LA CORTE SUPREMA DI CASSAZIONE

SEZIONE SESTA CIVILE

SOTTOSEZIONE 1

Composta dagli Ill.mi Sigg.ri Magistrati:

Dott. DOGLIOTTI Massimo – Presidente –

Dott. CAMPANILE Pietro – Consigliere –

Dott. CRISTIANO Magda – Consigliere –

Dott. MARULLI Marco – rel. Consigliere –

Dott. TERRUSI Francesco – Consigliere –

ha pronunciato la seguente:

ORDINANZA

sul ricorso 25940/2016 proposto da:

SCHIAFFINI TRAVEL SPA, in persona del Presidente, elettivamente

domiciliata in ROMA, VIA A MORDINI 14, presso lo studio

dell’avvocato SILVANO BELLINZONI, che la rappresenta e difende

unitamente all’avvocato FILIPPO BELLINZONI;

– ricorrente –

contro

ROSSI BUS SPA, in persona del legale rappresentante pro tempore,

elettivamente domiciliata in ROMA, VIA LUTEZIA 8, presso lo studio

dell’avvocato MAURIZIO NUCCI, che la rappresenta e difende;

– controricorrente –

per il regolamento di competenza avverso la sentenza n. 19074/2016

del TRIBUNALE di ROMA, depositata il 14/10/2016;

udita la relazione della causa svolta nella Camera di consiglio non

partecipata del 15/05/2017 dal Consigliere Dott.
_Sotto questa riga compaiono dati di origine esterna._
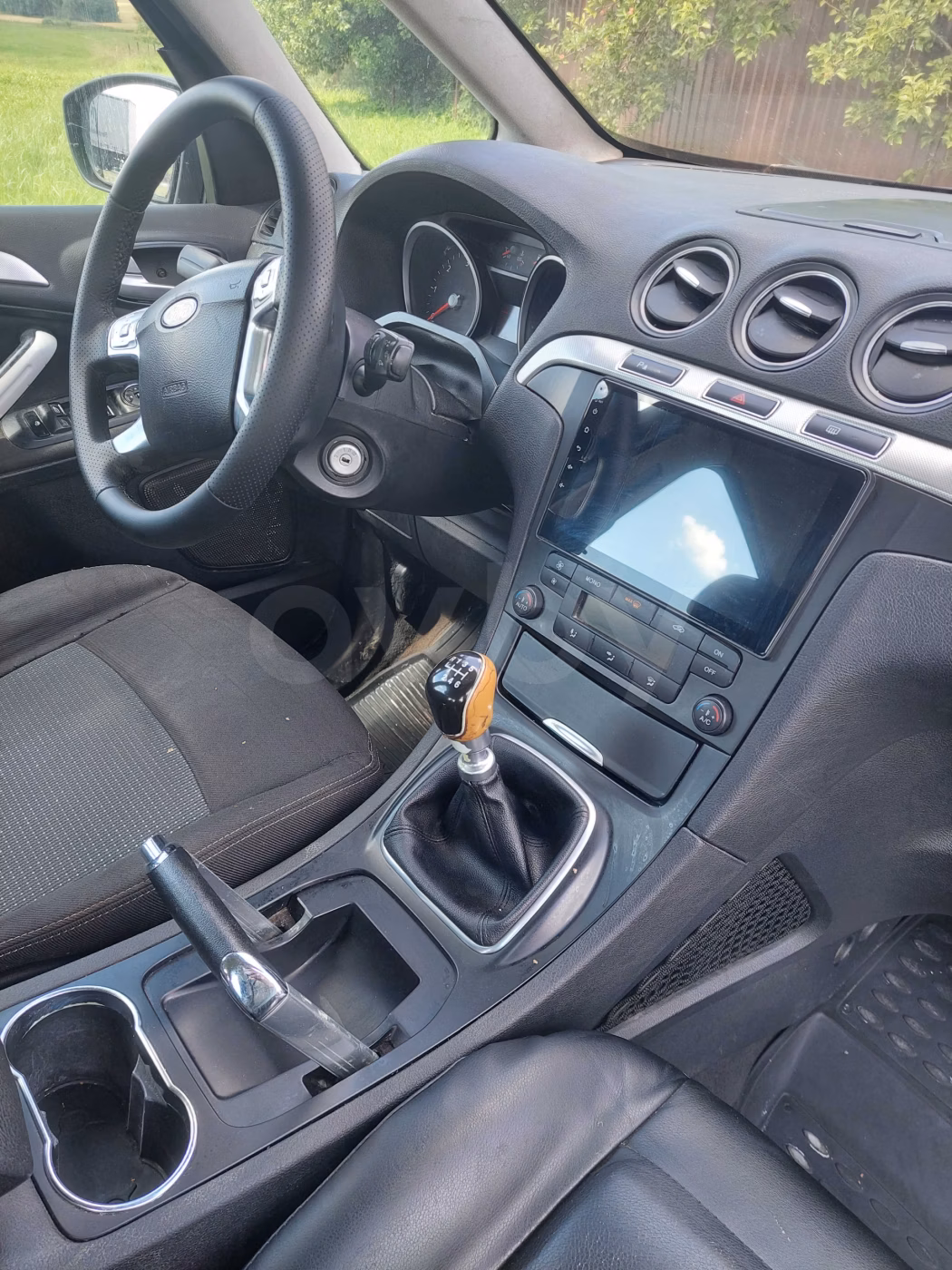 Ford Galaxy фото 12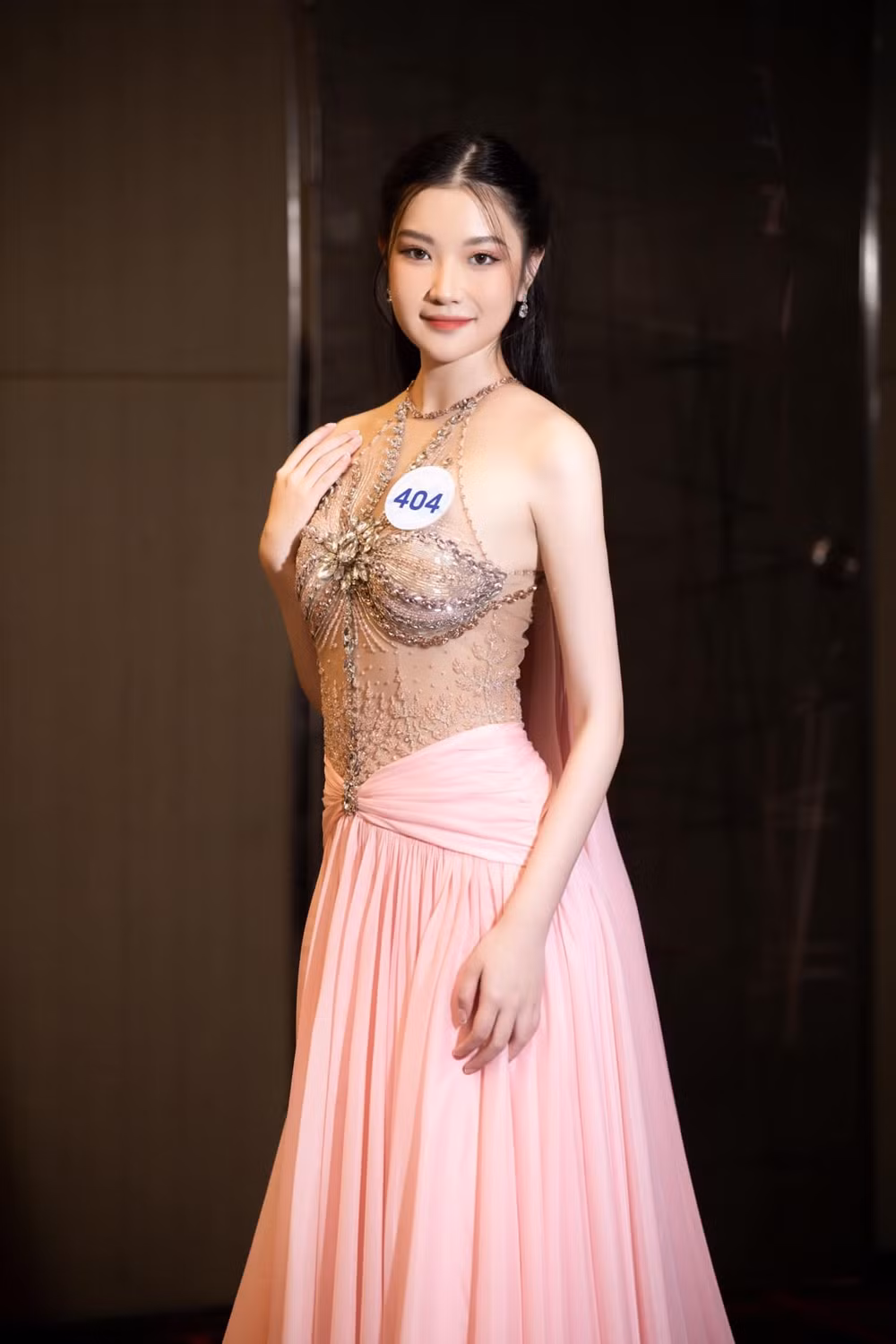 nhung nguoi dep so huu vong eo sieu nho tai hoa hau the gioi viet nam 2023 hinh 4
MARCO MARULLI.

Lette le conclusioni scritte del P.G. in persona del Sostituto

Procuratore Generale IMMACOLATA ZENO che chiede l’inammissibilità

del ricorso.

Fatto

RITENUTO IN FATTO

1. Con il ricorso in atti – inteso a promuovere regolamento di competenza avverso la sentenza con la quale il Tribunale di Roma, decidendo sull’opposizione della Rossibus nei confronti del decreto ingiuntivo notificatole dalla Schiaffini Travel Spa, ha revocato il detto decreto in accoglimento dell’eccezione di arbitrato sollevata dall’opponente – la Schiaffini Travel Spa ha chiesto che sia dichiarata la competenza del giudice adito in monitorio.

2. Al proposto ricorso fondato su due motivi, illustrati pure con memoria, resiste con memoria la Rossi Bus spa.
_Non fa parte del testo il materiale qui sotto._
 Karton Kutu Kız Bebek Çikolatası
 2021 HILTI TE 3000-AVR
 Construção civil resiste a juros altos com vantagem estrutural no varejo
3. Il P.G. ha concluso per l’inammissibilità del ricorso.

Diritto

CONSIDERATO IN DIRITTO

2. La ricorrente, pur articolando le proprie rimostranze tanto in relazione all’art. 10 c.p.c., quanto in relazione agli artt. 1362 e 1362 c.c., lamenta in buona sostanza che il giudice adito, nell’accordare rilevanza decisiva alla clausola arbitrale contenuta nella scrittura privata del 23.5.01, non avrebbe considerato che detta clausola riguarda solo le controversie relative allo svolgimento del servizio di TPU oggetto di regolamentazione nella citata scrittura e non quelle attinenti al rapporto di dare/avere tra mandante e mandatario che trova invece la sua fonte nel rogito notar F. dell’8.12.2000 e che rende giustificata la devoluzione della cognizione in favore del giudice ordinario.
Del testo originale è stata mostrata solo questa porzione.